I didn’t realize at the time that what drew me to Cyrano was that he was essentially a writer, pouring his heart into lines that a far more beautiful person could say better than he ever could. And that image of the swashbuckling wordsmith stuck with me.
Even as I started to pursue writing for film and TV, the romantic notion of the playwright as a lonely, truth-telling idealist was something to aspire to.
Playwriting empowerment and nurturance: Two things: the first is reading plays for pleasure. It’s always so bracing to read an inventive play and think, “I didn’t know you could do that.” It’s also so eye-opening. And it feels like both a challenge and a re-filling to my creative spirit. It makes me want to jump up and participate in the ongoing conversation.
The second thing that nurtures and empowers my playwriting is: writing for television. TV can sometimes be a fairly rigid creative process, and after a while, I start to feel this pressure building up inside of me to just LET CHARACTERS TALK. To write scenes that go on for more than three pages. To ask questions that I don’t have an answer for. To let theme and character take a story on a circuitous path if need be. That desire has empowered my playwriting to be bossy and take over my schedule and insist on existing in my life.
Writing process: It depends on the project. Sometimes it takes meticulous work and planning to understand the shape of a story before you start. Sometimes you feel a strong urge to just GO and figure it out along the way. But regardless of the path you take, it always ends in the same place: that writing is really re-writing. Revision and editing are the hardest and most necessary parts of the process to me.
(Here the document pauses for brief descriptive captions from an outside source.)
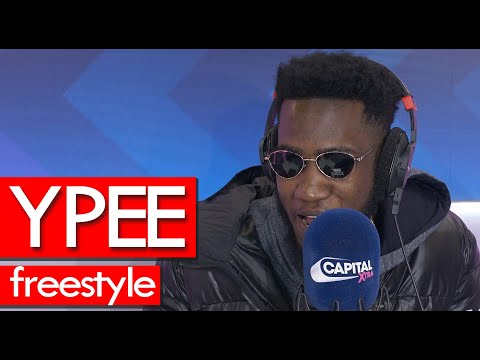 Ypee freestyle - Westwood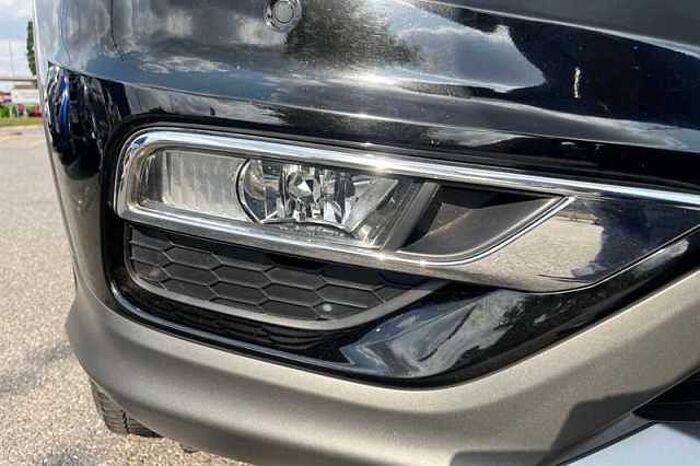 Honda CR-V 1.6 i-DTEC 160 EX 5dr 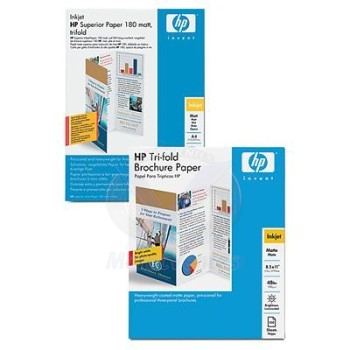 Superior Inkjet Paper Q6590A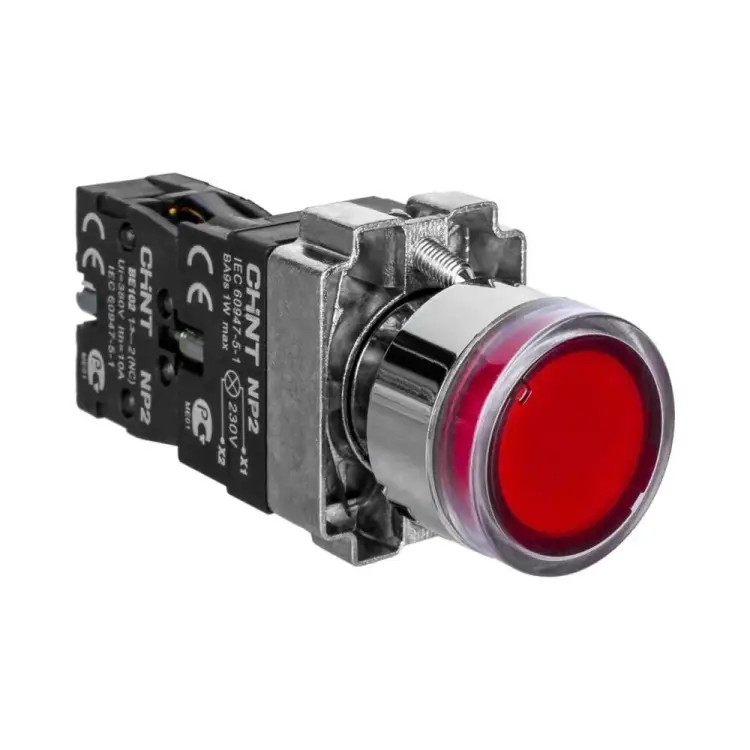 Кнопка управления CHINT 574080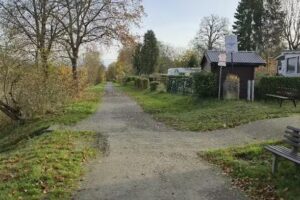 Campingplatz Lippetal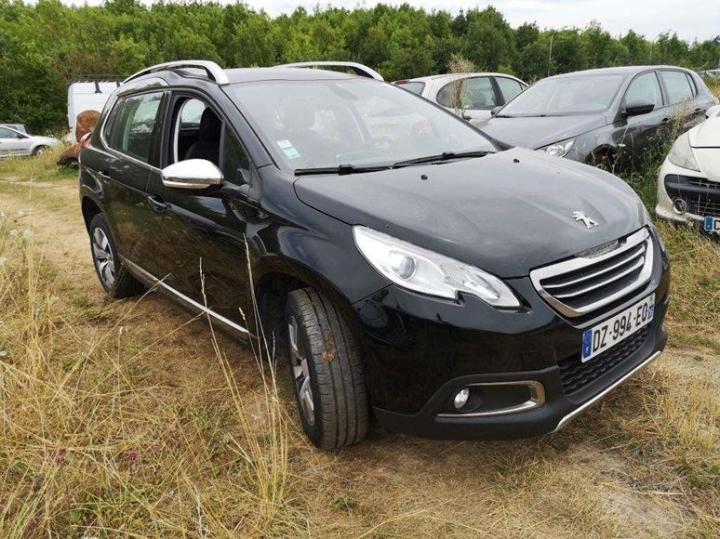 Photo 19 VIN: VF3CUBHY6GY008055 - PEUGEOT 2008 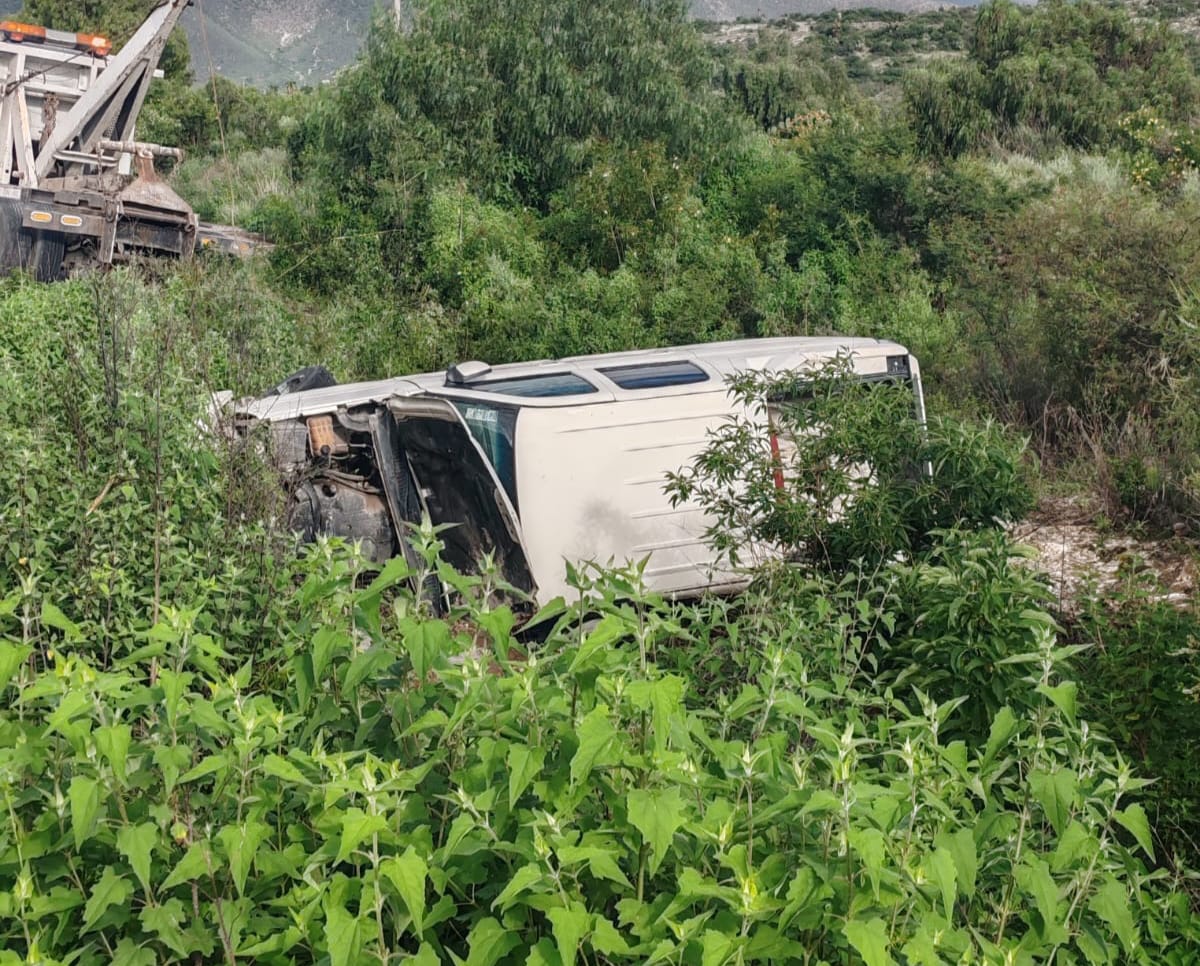 Identifican a asesinado en Tehuacán; vendía terrenos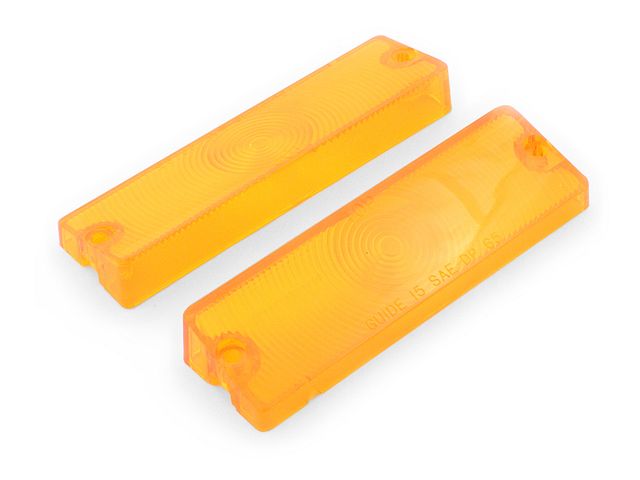 Product image (Lens 1965 Impala P/Lamp)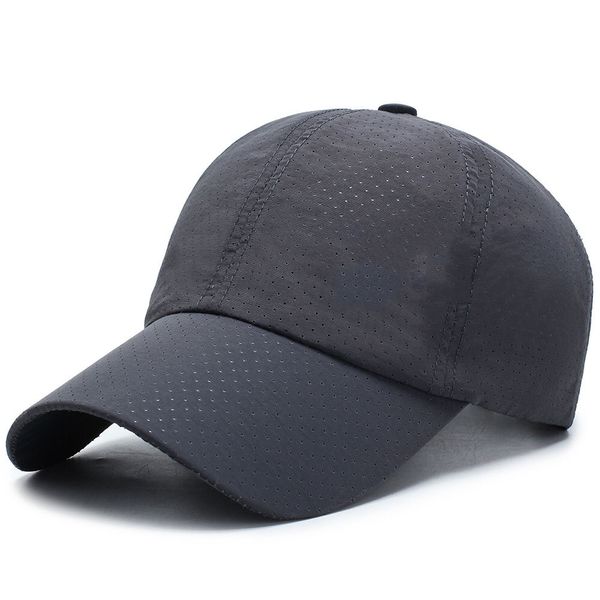 

men's baseball lulus yoga and women's ball cap fashion quick-drying fabric sun hat caps beach outdoor sports solid co270x88, Blue;gray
Inspiration behind your play: Pocket Universe was inspired by my love of science fiction (and wanting to see more of it on stage), as well as the growing realization that at some point in the future, I was going to have kids. And, having an imaginative mind, I can’t help but run scenarios where that future doesn’t turn out the way I would want it to.
I was really interested in exploring the echoes of a trauma spreading throughout someone’s life the way a new universe is slowly expanding. What happens when the big bang of your universe is a loss you have to find a way to move on from?
Most looking forward to at ANPF: I’m looking forward to what our actors discover through the process. I’m fascinated by that part of it. Actors go into the characters in a way that I will only ever imagine. And then they report back like war correspondents who’ve been to the front lines of existence and tell you when your battle plan did or didn’t succeed on the ground.
Hope for audience takeaways: From a craft perspective, I hope audiences feel what Ingmar Berman called “the slow turning of the screw into unreality.” That feeling where the ground beneath your feet starts to feel loose and uncertain. That moment of insight that causes you to go back and re-interpret the story you thought you knew through a new lens.
From an emotional perspective, the goal is always to sneak up on people’s deepest fears and loves, and surprise them. I want them to discover that a story that feels at first like a sci-fi mystery about strangers in the near future is really about them right now.